Walking into the library after my lecture, hit the fifth floor, see a girl in tights using the printer and turning to leave. I stare at her for a while, not sure where I am focusing, when she gets closer I realise who she is, fuck, she is my ex-roommate, not as pretty as I remember her being, much more ordinary than my recollections but she was definitely her. She was wearing an angry scowl or possibly pouting, I rose my hand, made eye contact and twitched my mouth as if to say something, I couldn’t speak, I wanted to say “sorry” but the words just would not come. I felt embarrassed, I had shaved this morning but it was a rush job and I think a bit of facial hair makes me look better, my hair was also uncombed and scruffy looking, I was planning a haircut today.This is not about me, it is about her, I really want to know what she was thinking, can’t tell what her expression meant, initial thoughts were that it was anger, disgust, everything you would expect, though as the minutes passed I began to think it could possibly be a hidden smile, perhaps she thought my actions were cute? Perhaps she had gotten one over on me without my knowledge. Who knows, it is impossible to tell. Know that we have finally, certainly, seen each other since the incident, I feel as if my hand has been forced, I will send her an email message today, apologizing for my disgusting behaviour and if there is any way in which I can repent.

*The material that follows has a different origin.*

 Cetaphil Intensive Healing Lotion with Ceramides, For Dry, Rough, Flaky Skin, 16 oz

In the lecture at the start of the day I saw the other Polish girl, the one from my class talking to the lecturer, who also happens to be the course co-ordinator, or something like that, bit of worry, notice her glancing at me and later staring at me with suspicion, could she have possible seen those facebook messages outing me as her “stalker” and reported me? My concerns were heightened just now, I logged into my blog to write about my encounter with my ex-roommate, I had just returned my blog to public view last night and today I have had a gargantuan number of views, including hits from facebook, a large portion of those views are coming from facebook, I am envisioning a few scenarios, not liking any of them. One very nice thing I noted though were hits from Irish flags, must be the guy from /epl/ who said he enjoyed reading my blog, he was telling the truth! He must have been checking my page every day hoping for it to become public again.
It’s only 11am, been writing since 10.30am, felt some interesting emotions, was shaking like a life after I saw her but now I am just excited that there have been some exciting developments in my day/life. I don’t even care if this all turns out badly for me, at least it is exciting, makes me feel like I am alive and not just going through the usual dull lethargic motions. These feelings can also be applied to other areas of my life, they should encourage me to do other activities that I am usually uncomfortable with, they should but they don’t.

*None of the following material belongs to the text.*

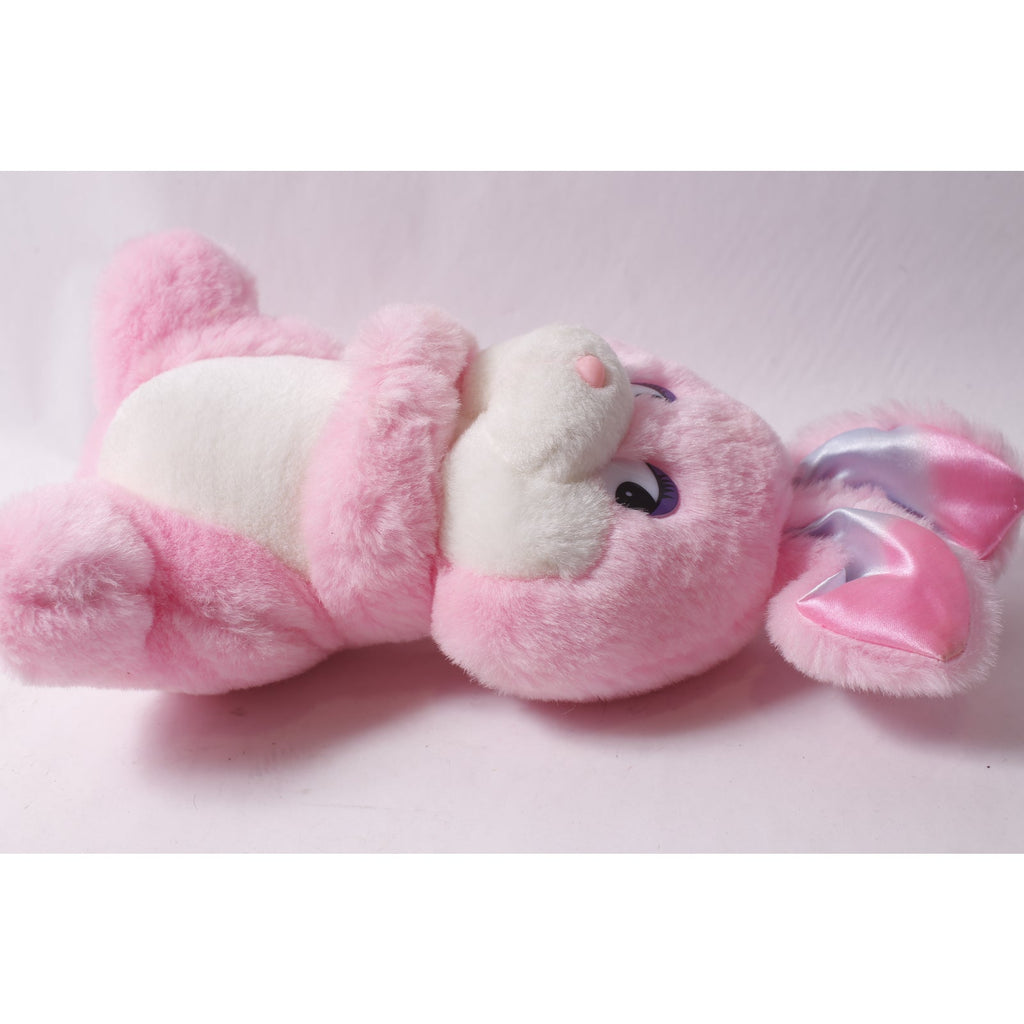 80s Rainbow Easter Hands Holding Dan Dee Rabbit Plush Pink and White Soft Toy Easter Decor ~ 260325-WH 1037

Really cannot stress how plain she looked, this is some real psychological shit, I was always told that she was a 6/10 but I am only really seeing it for the first time now. It is obvious why I saw her as more (e.g. girl in engineering class).

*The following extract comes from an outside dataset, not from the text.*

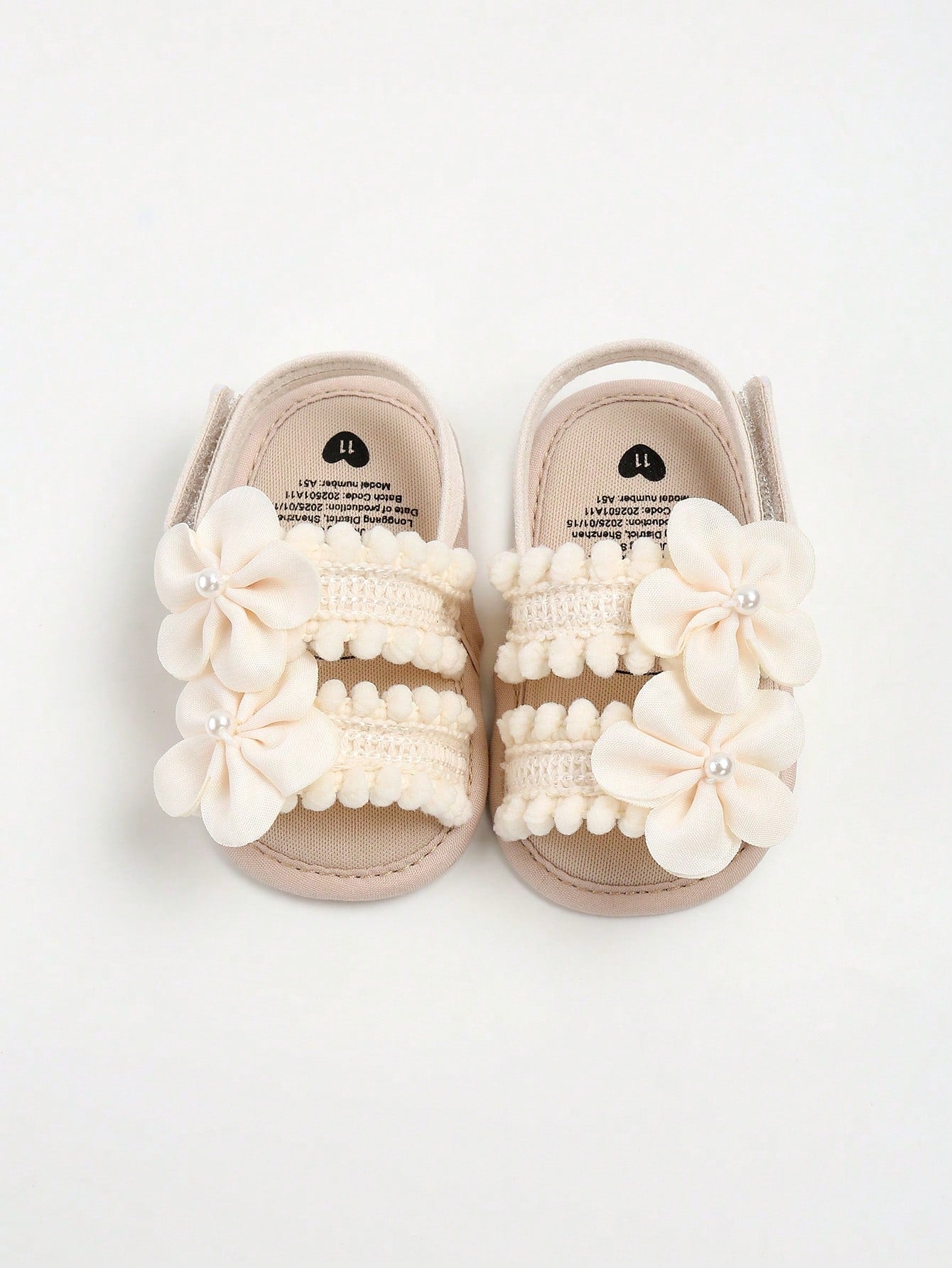 Baby Girls' Summer Outdoor Toddler Shoes With 3D Flower Decor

Another huge surge in the number of hits later in the day, again a lot of them coming from facebook, really worried about this, makes no sense, I haven’t linked it anywhere today, other than the facebook “crowd” everyone checking it out must already have known of it’s existence, very worrying, who is reading this, where did they call come from? I think I am already fucked, going dark again won’t help me, should have stayed invisible.
Roommate brought he gf over, felt confident today, went out and got some water, didn’t look at them, probably felt so big because I have bigger problems to deal with right now. Still was not confident enough to make dinner while they were around.
Emailed her, sent to her uni inbox, said sorry, I really, truly, desperately am, would do anything to change things, think I have said that enough times, if not I have certainly felt it.
Semi committed to going to the student well-being counsellor again. I am very sceptical of their ability to help me, not looking forward to having to engage with him/her either.